Rated PG-13, 90 minutes
Directed by: John Krasinski
Starring: Emily BluntJohn Krasinski, Millicent Simmonds Noah Jupe

A genre thriller is best kept simple and to the point. Setting up a list of rules, a novel logic, or satisfying trope could be the perfect prescription to make a genuine crowd-pleaser. Filmmaker John Krasinski’s A QUIET PLACE adequately executes a formula made for the big screen, with a premise that thrills and supplies compassion for humanity and the film’s characters.

The film follows a casual, everyday family led by Lee (Krasinski, also co-writer and director) and Evelyn (Emily Blunt, who’s also Krasinski’s real-life wife) and their two pre-teen children (Noah Jupe and Millicent Simmonds). They are in a dystopian setting where we quickly learn if you speak, you die. Krasinski quickly shows his hand with a show-stopping cold opener that depicts a tragic event in the family’s history.
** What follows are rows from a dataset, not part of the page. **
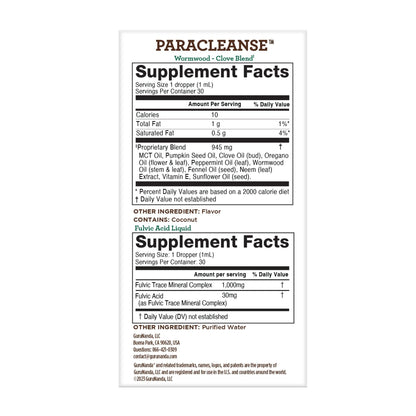 Paracleanse with Wormwood, Clove &amp; Fulvic Acid - 2 Step Liquid Supplement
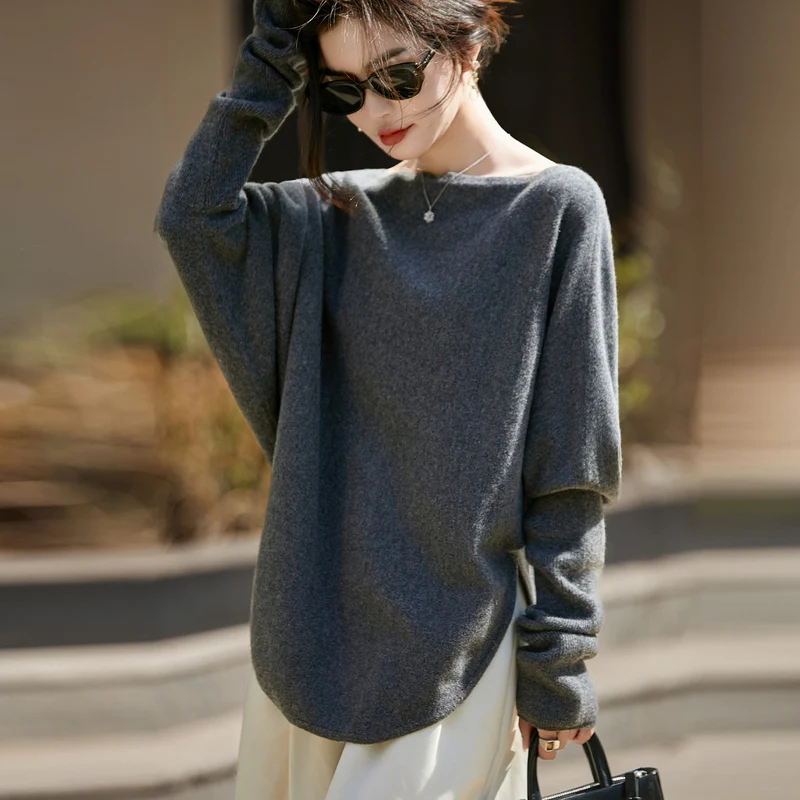 Women's Sweater 100% Pure Wool One Neck Knitted Pullover Fashion Korean Version Bat Sleeve Tops Loose Knit Sweater Autumn Winter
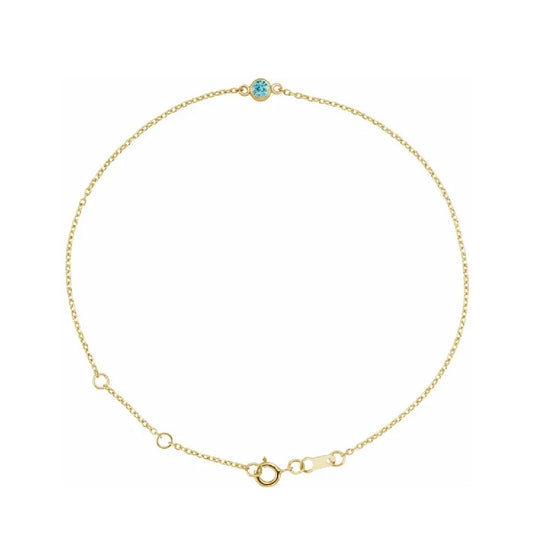 14K Gold Tiny Birthstone Bracelet Bracelet Robyn Canady 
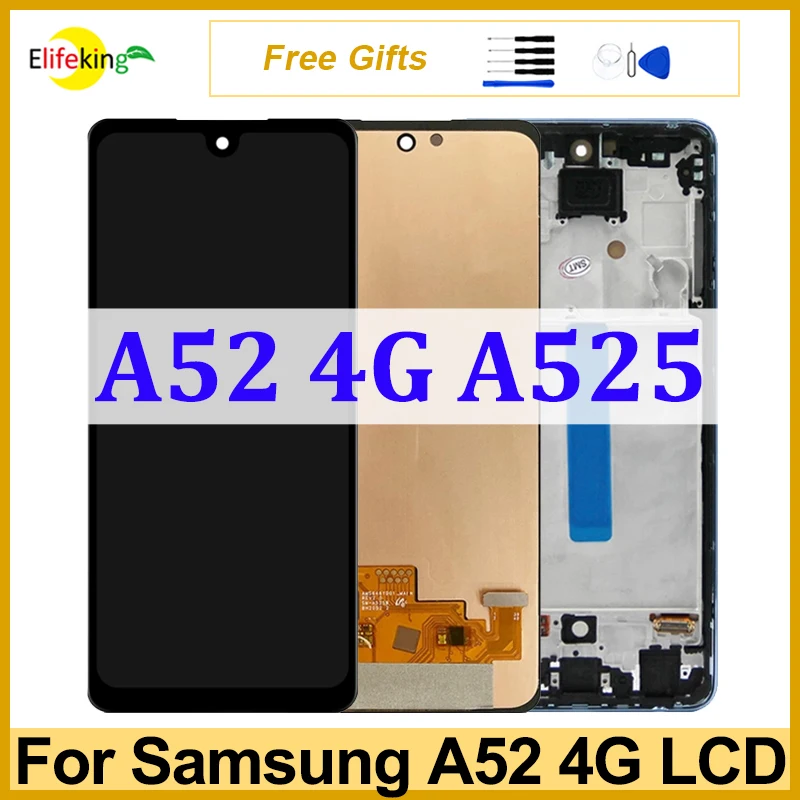 

6.5" LCD For Samsung Galaxy A52 4G A525 Display Touch Screen SM-A525F SM-A525F/DS Digitizer Assembly New Pantalla Replacement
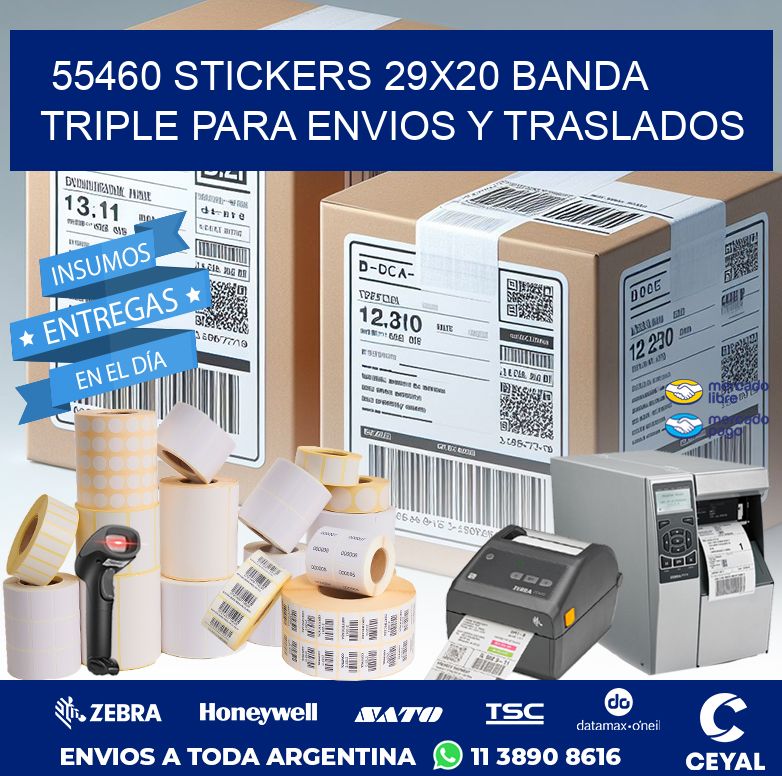 55460 STICKERS 29X20 BANDA TRIPLE PARA ENVIOS Y TRASLADOS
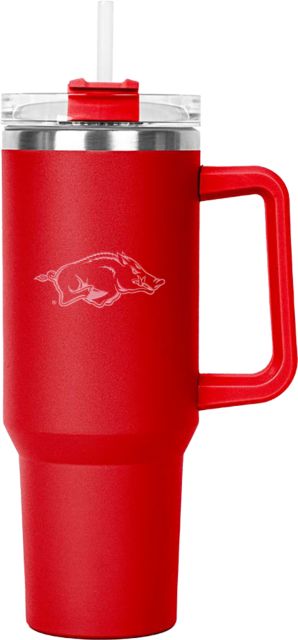 Arkansas Hippo Red Mug & Straw Lid with Twist Closure 40 oz Arkansas Primary Athletic Mark Engraved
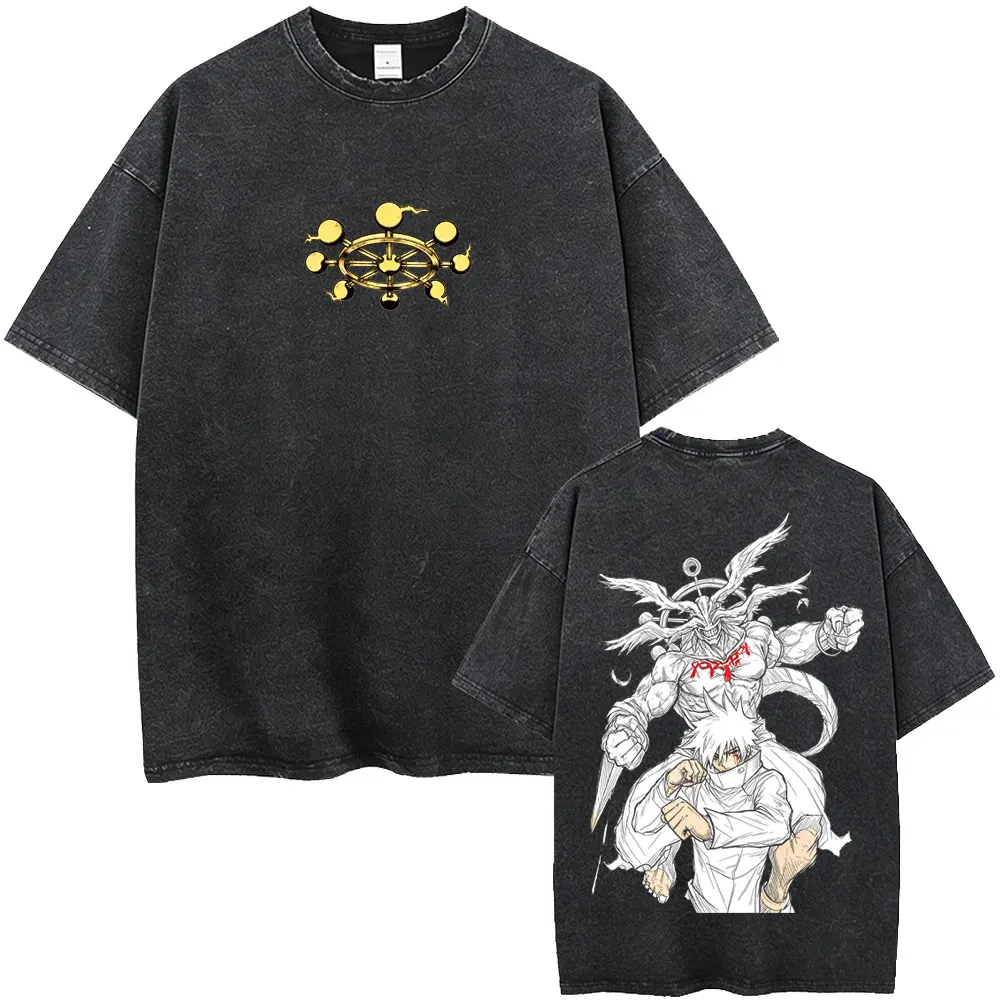 Anime Jujutsu Kaisen Fushiguro Megumi Washed Vintage T-shirt Men Women Fashion Retro Manga Tshirt Male Casual Oversized T Shirts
He tells us instantly this is a controlled mood-piece worth settling into.

After a year into hiding the family have set up camp on a massive farm they may have already occupied in the years prior to the arachnid-like creatures taking over the world. Krasinski’s skills behind the camera shine as he takes a premise that could be treated with a B-movie style zaniness and regards the threat with reverence to generate a moving story about the anxieties that come with protecting your family. The love he put into the making of this film is palpable. By Krasinski partnering with his spouse, the duo clearly have a deep understanding of one another and how deep love can run.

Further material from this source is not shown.